The currents add up, so the actual current is guaranteed to be below 8 * 13A, or 104 amps MAX. This sounds unreasonably high, and it is. That works out to over 1,200 watts! But thinking about that further brings up a lot of other questions that you need to consider:

1. What is the actual current required, given real world loads on the prop? You cannot measure this in the lab. It must be done in the field during extreme flight maneuvers. Which means that to do this properly your quadcopter (I assume you have a quadcopter) must be outfitted with current sensors. Odds are that doing this measurement is not possible, so you just have to guess.
2. You said that it worked with a 5A supply. Did it really work, or did it just spin up the props? Just spinning the props will require a lot less current than doing interesting maneuvers.
3. What happens if the power supply or battery can't sustain the current?
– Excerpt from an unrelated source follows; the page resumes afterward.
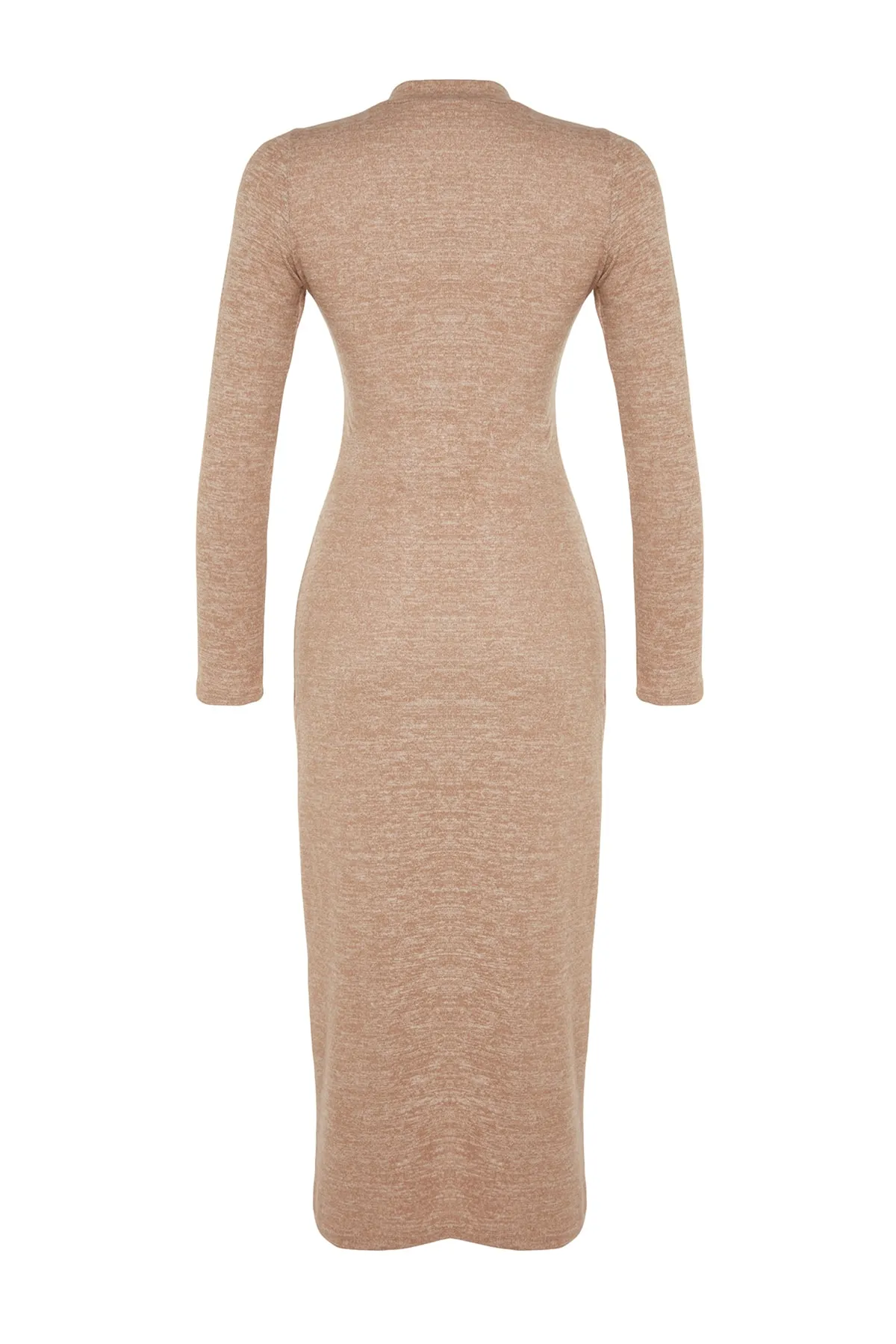 Trendyol Collection  Beigefarbenes, weiches Midi-Strickkleid mit Rundhalsausschnitt, Schlitz und Raffungsdetail TWOAW24EL00246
A battery would probably just lower the output voltage, but a supply might go into overcurrent protection and/or blow up. Lowering the output voltage would just cause a momentary power drop that you might not even notice.
4. The motor will not draw a constant amount of current. Even when just idling, there are hundreds or thousands of peaks and dips in the current draw per second. Do you care about those peaks, or only about the average (RMS) current. Both peak and RMS current are important for different things.

Ok, so back to your question of "how do you calculate the current draw of the 8 motors?" You need to know the actual current draw of one motor and multiply it by 8. But as I have shown, knowing the draw of one motor is difficult. And knowing the effects of that is also difficult. Good luck!

• Thanks for the great answer ! You assumed right I do have a quadcopter and it did work with a 5A for 20min flight! – Danpe Jan 19 '13 at 16:27
• @Danpe Note that 5000 mAh is different than 5000 mA. mAh= milli-amp-hour. So your battery has the capacity to deliver 5 amps continuous for one hour, or 15 amps continuous for 20 minutes. Or 1 amp for 5 hours. That rating says nothing about the instantaneous peak current that the battery can provide. The 20-30C discharge does say, however, that it can discharge at 20 to 30 times 5amps-- or 100 to 150 amps peak. – user3624 Jan 19 '13 at 16:31

Parallel currents add so you'll need $8 * 11A = 88A$ from the source.

That's a lot of current for the motors under continuous use (especially a 12V DC motor), are you sure that value isn't the stall current?